England's final days in Brazil will have an undoubted purgatorial feel. Cut in any direction, being knocked out of a tournament by Costa Rica before even getting to play them ranks as utter humiliation. The brief flickerings of promise against Italy in Manaus are now discredited, not least because of Italy's hopelessness against the Ticos on Friday.
Roy Hodgson tried to give the people what they wanted by playing adventurous lineups, when what the nation actually expected was a place in the last 16. Widespread satisfaction with a losing opening match was poppycock in the face of a performance that grew ever more clueless as the Amazonian night drew on. Defeat to Uruguay saw England extend the follies of Manaus over 90 minutes at the Arena Corinthians.
Hodgson's leadership cannot last much longer, even in the light of his desire to stay and the public backing given to him by the English FA and a number of his players. England's camp at Urca in Rio was largely a happy one until the return journey from Sao Paulo, but team spirit withers in the light of abject failure.
If Hodgson wants to salvage any kind of legacy from Brazil, then the final match in Belo Horizonte must become the first day of a new England. There can be no place for the over-30s, and those unlikely to be around for Euro 2016. That means a bathetic end to the career of centurion Frank Lampard as an unused member of the squad.
It also demands that Steven Gerrard -- who appears certain to now concentrate on his club football with Liverpool -- should play no further part. The captain has suffered the most harrowing tournament of all of England's 23. Having exerted next to no influence against the Italians, his two mistakes gifted Luis Suarez the goals that killed England's campaign.
Behind the scenes, Gerrard has been key to the collegiate atmosphere that Hodgson and his staff thought could bring success. In practice, a lack of creative tension led to England's problems. The midfield pairing of Gerrard and Jordan Henderson was laborious, predictable and feckless when England needed to chase matches. Having four forward fliers is little use if they do not receive decent possession. The midfield pair was also a key reason chasing matches was required in the first place.

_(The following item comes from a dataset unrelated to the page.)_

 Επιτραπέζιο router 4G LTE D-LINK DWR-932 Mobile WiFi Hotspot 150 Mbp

Neither benefitted from playing as a pair; both are used to the trio that Brendan Rodgers employs at Liverpool. Gerrard exerts a clear influence over Hodgson, yet seems to have gone along with a strategy that mortally wounded the team before it had even started. And exposed himself brutally. A defence as short on experience as a unit and low in quality as England's foursome needed far better protection than Gerrard -- by nobody's estimation a natural anchorman -- could provide. In an attacking sense, his influence was minimal. The passing lacked crispness and betrayed nerves that someone of his experience should have been well beyond.
Gerrard's most obvious role in Brazil appears to have been delivering a set of pep talks to the squad. First came the speech to younger players ahead of Uruguay in which Gerrard revealed the pain of exiting a World Cup. "It was important for them to realise what is at stake and how important this game is," Gerrard said, which bordered on the unnecessary. Then came a rather showy word in the ear of Wayne Rooney just as the TV cameras set themselves for kickoff in Sao Paulo.

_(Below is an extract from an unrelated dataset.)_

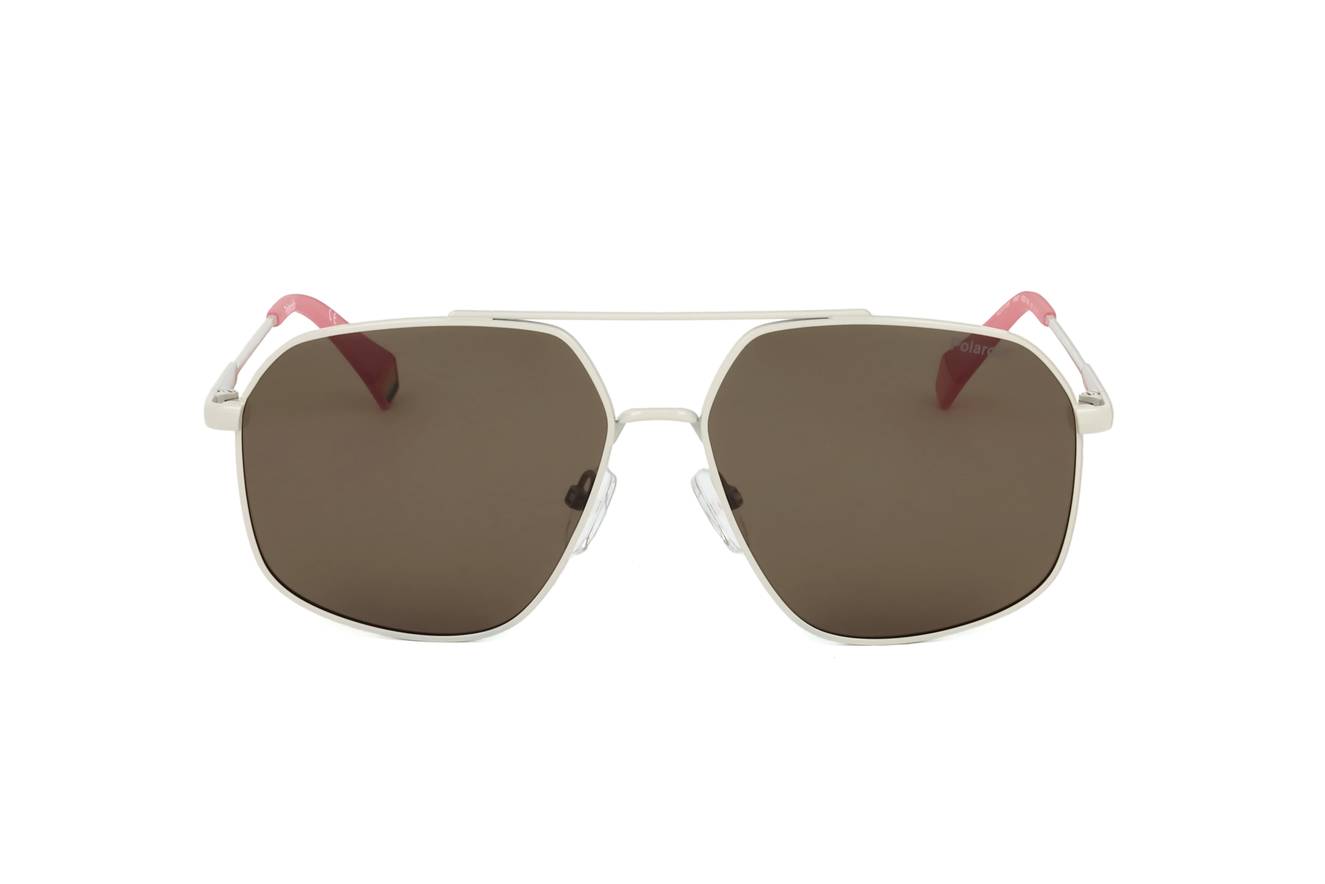 Polaroid PLD 6173/S 10A/SP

On Sunday evening, Gerrard delivered a postmortem speech to the squad at their Rio hotel. Added to the post-Manchester City "this does not f---ing slip" rallying cry in Liverpool colours, and how their title charge faltered, a career in motivational speaking may not be the next calling for Gerrard.
The Costa Rica game must be used a vehicle to give midfielders like Jack Wilshere and Ross Barkley the experience of full participation in a World Cup match. They are the future, and not Gerrard. England's FA being the financially aware beast it is, September's friendly with Norway at Wembley can be used as a valedictory occasion to send off Gerrard, and perhaps Lampard.
They must go the way of all footballers, into a retirement that ought to bring about many regrets about their international careers. It seems almost facile, perhaps overly obvious, to suggest that the Gerrard who has so inspired Liverpool is not the same player who has been central within a litany of failures with his national team; the number of great Gerrard performances in an England shirt is a markedly lower proportion.
His and Lampard's passing ends the era of a set of centurions. Gerrard and his erstwhile midfield colleague's level of international achievement has ended up falling well below that of contemporaries David Beckham and Ashley Cole; Beckham was a better captain and far more productive for his country, while Cole had significant claims to be the world's best in his position.
Gerrard reaches the end of an England career that has not delivered nearly so much. The best thing he can do for the benefit of England is to step aside -- now -- before the Costa Rica game. Such a gesture would represent the type of self-sacrifice that the finest leaders make.